Серьезным импульсом становится для него опыт охотника, то есть человека,
который сначала смотрит, как убивают, а потом делает это сам. Охотник также
замечает, что природа — это необузданная стихия и отдельный космос, где все
загрызают друг друга и где чужое страдание никого не трогает. Это рождает в нем
мучительное подозрение, а со временем — почти уверенность, что материальный мир
— это все, что есть, что «за этим» ничего не стоЕт.
Человек, думает мальчик, страдает и умирает точно так же, как горностай, ласка
или собака. От этого уже только один шаг до открытия собственной смертности.
«Как это возможно, — размышляет Томаш, — что, обладая
телом, теплом, ладонью, пальцами, я должен умереть и перестать быть собой?» Как
вместить в себя то, что можно перестать существовать, более того, что это
никоим образом не нарушит постоянства мира?
Однажды
запущенный процесс познания катится как снежный ком и постепенно превращается в
лавину.

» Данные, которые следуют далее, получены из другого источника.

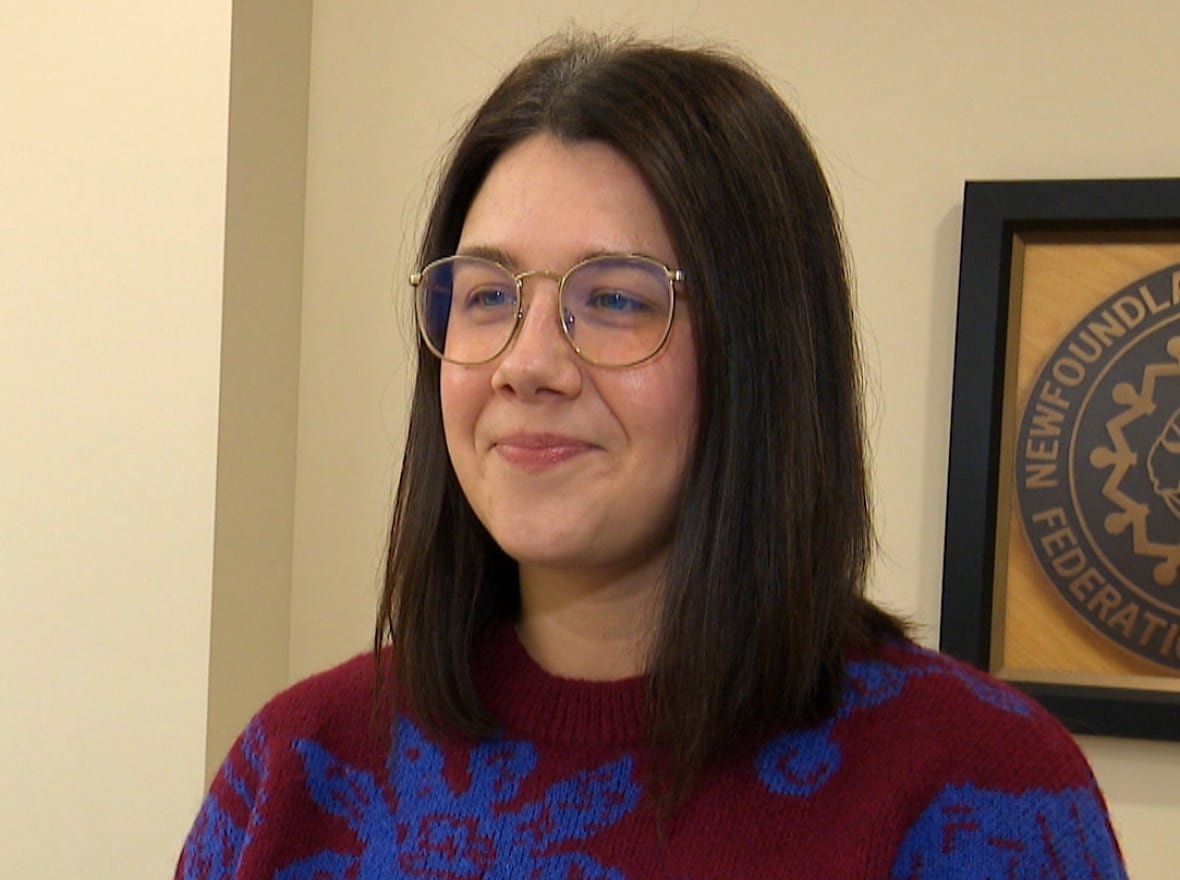 A woman wearing a red sweater with blue flowers on it.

Познание природы — это открытие безжалостности ее законов, согласно
которым слабый проигрывает, а страдание и смерть не
имеют никакого оправдания, кроме продолжения пищевой цепи. Следовательно, норма
мира — это зло, не взирающее ни на какую красоту или добродетель. Хуже того,
смерть и жизнь, страдание и наслаждение чередуются без всякой логики, чисто
случайно. А значит Бог — если Он есть — не благ или Его власть иллюзорна. Если
же миром правят Его враги, значит, Он против них бессилен, покорен им или просто
равнодушен. Каждый из этих вариантов неприемлем. Если, спасаясь от такого
образа мира, все-таки предположить, что Бог всесилен и просто допускает все это
безобразие, то Он ни в коем случае не может быть благим. Тиски силлогизма
сжимаются, и юный созерцатель природы, даже не подозревая об этом, попадает в
ловушку манихейской концепции мира (что роднит его со
зрелым Милошем, который в стихотворении «Обвинитель»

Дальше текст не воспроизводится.